Two Private Prison Companies Bidding to House Vermont Inmates | Off Message

Two Private Prison Companies Bidding to House Vermont Inmates


Lee Adjustment Center in Kentucky, where CoreCivic (then called Corrections Corporation of America) housed Vermont inmates until 2015. - FILE PHOTO
  • File Photo
  • Lee Adjustment Center in Kentucky, where CoreCivic (then called Corrections Corporation of America) housed Vermont inmates until 2015.
Updated at 5:40 p.m.

Private prison contractor CoreCivic and another company called Central Falls Detention Facility Corporation have submitted bids to house more than 200 Vermont inmates in privately run prisons outside of the state.

Vermont Department of Corrections officials revealed the bidders in a written response to a public records request made by attorney Barry Kade, an inmate advocate. CoreCivic submitted an offer to house inmates at its prison facility in Tallahatchie County, Miss., according to the letter, while the Central Falls Detention Facility Corporation offered to house Vermonters at its prison in Rhode Island.

Daniel Martin, the warden of the Central Falls facility, clarified in an email Wednesday that the prison is a "quasi-public" entity. Despite being labeled as a corporation, the organization has close ties to the local government in Central Falls, R.I.
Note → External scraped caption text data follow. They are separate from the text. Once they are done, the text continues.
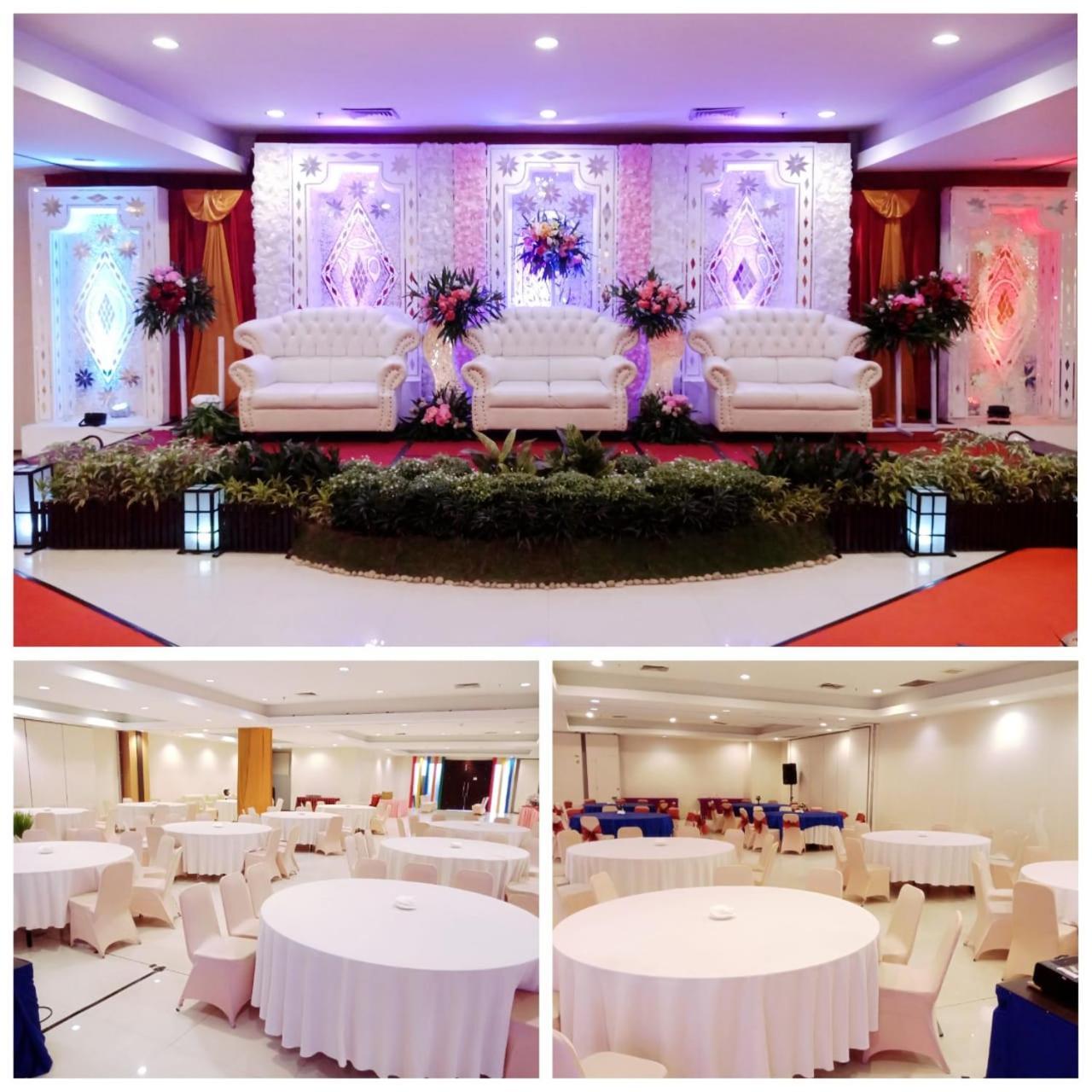 Transera Hotel Pontianak Bagian luar foto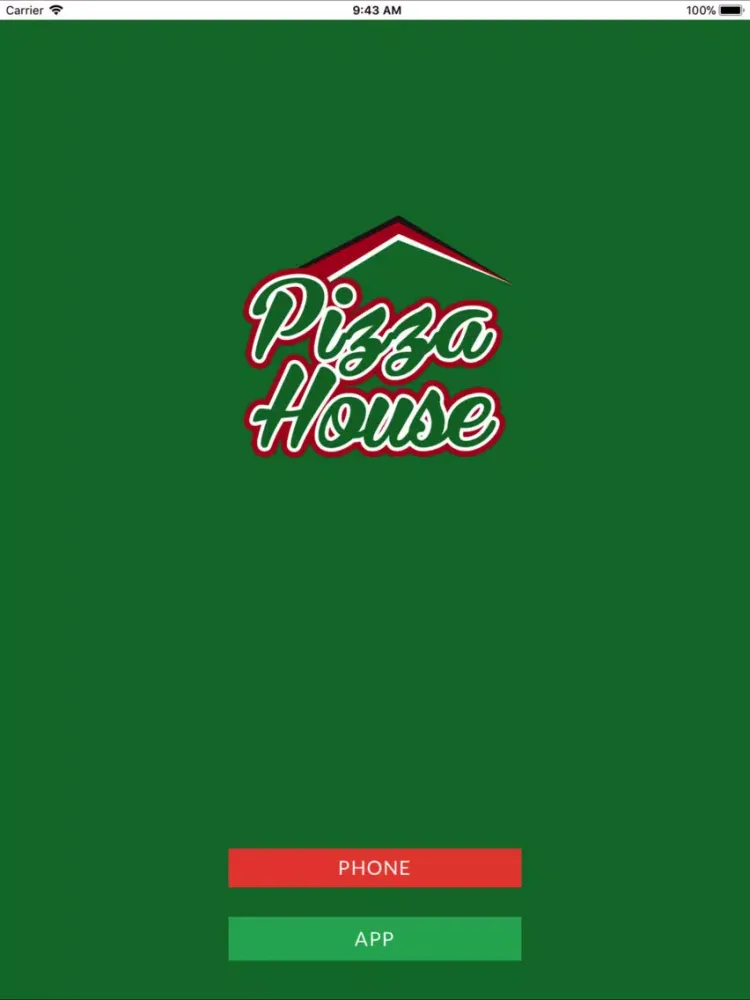 Pizza House L9 iPad  Screenshots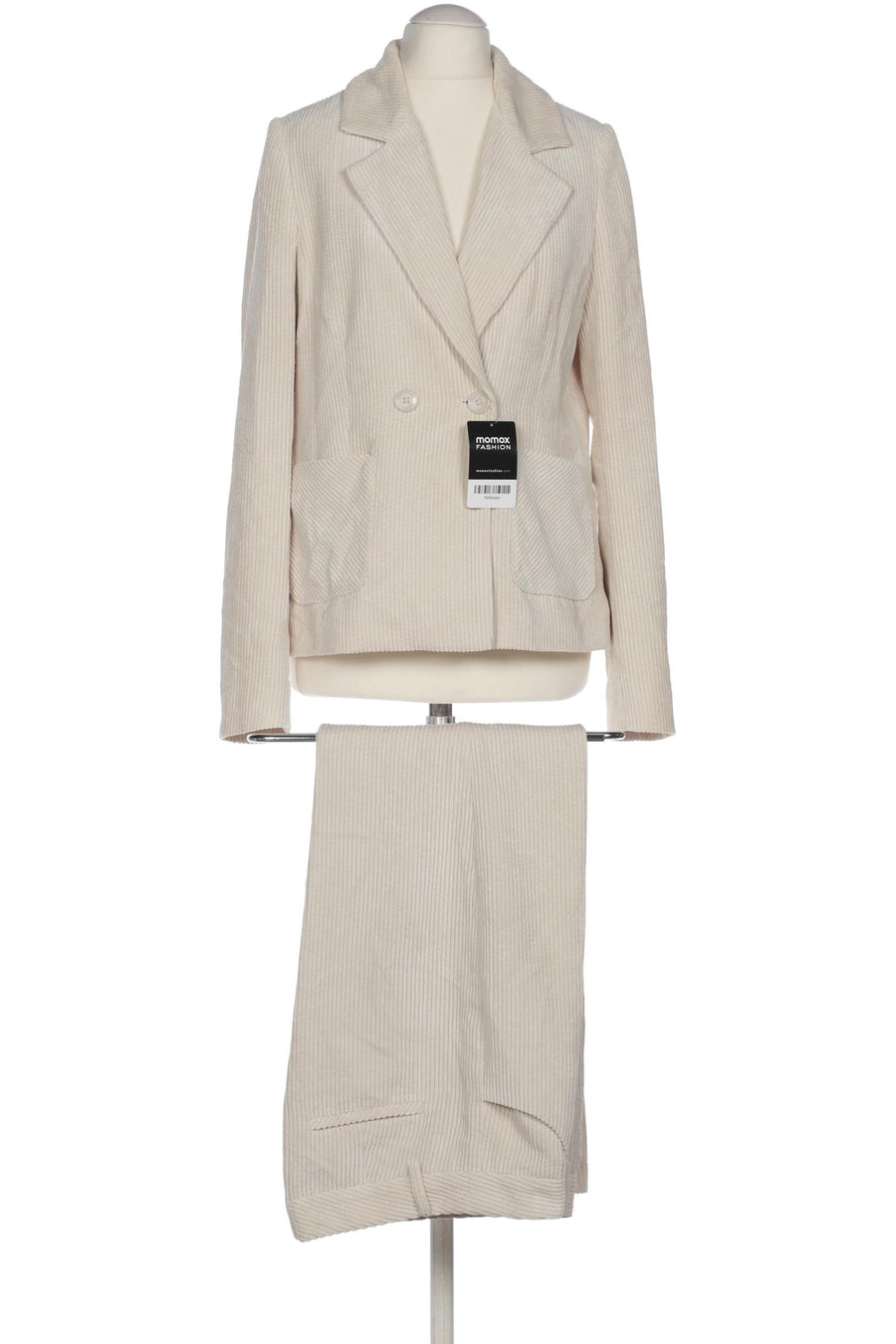 More & More Damen Anzug cremeweiß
"[T]here is a Board of Directors who are appointed by the Mayor of Central Falls, who then identifies an Administrator (Warden) to operate the Correctional facility," Martin wrote.

Kade provided the corrections letter to Seven Days, and Vermont Deputy Corrections Commissioner Mike Touchette confirmed that both companies bid on the contract. Further details about the bids were not released.

The companies are competing to house and supervise Vermonters currently incarcerated at the Pennsylvania state prison in Camp Hill. Vermont sends inmates out of state because of a lack of available space within the state’s existing prisons.

The agreement between Vermont and Pennsylvania began in June 2017. It's frustrated some officials, who say the deal doesn’t give them enough control over how the state's inmates are treated. The deal uses what’s known as an interstate compact, which gives Pennsylvania the legal authority to treat the inmates under that state’s policies, ignoring protections offered in Vermont.

There have also been reports of guards in Pennsylvania threatening and beating the inmates. Three Vermonters have died in the year since they were moved to Camp Hill: Roger Brown and Herb Rodgers died at the facility, and Tim Adams died shortly after being transferred back to Vermont.

Martin, the Central Falls warden, said that even though his organization is quasi-governmental, its proposal to the state of Vermont would go through the private contracting process, not an interstate compact.

CoreCivic, formerly known as the Corrections Corporation of America, is a familiar name in the Green Mountain State. Until 2015, the private prison company housed Vermont inmates in Kentucky and Arizona. And earlier this year, Seven Days reported that CoreCivic had met with state officials in the months before Human Services Secretary Al Gobeille unveiled a plan for a $150 million prison campus in Franklin County.

CoreCivic did not immediately return a request for comment.

Correction, June 7, 2018: The CoreCivic prison is located in Mississippi. A previous version of this story contained an error.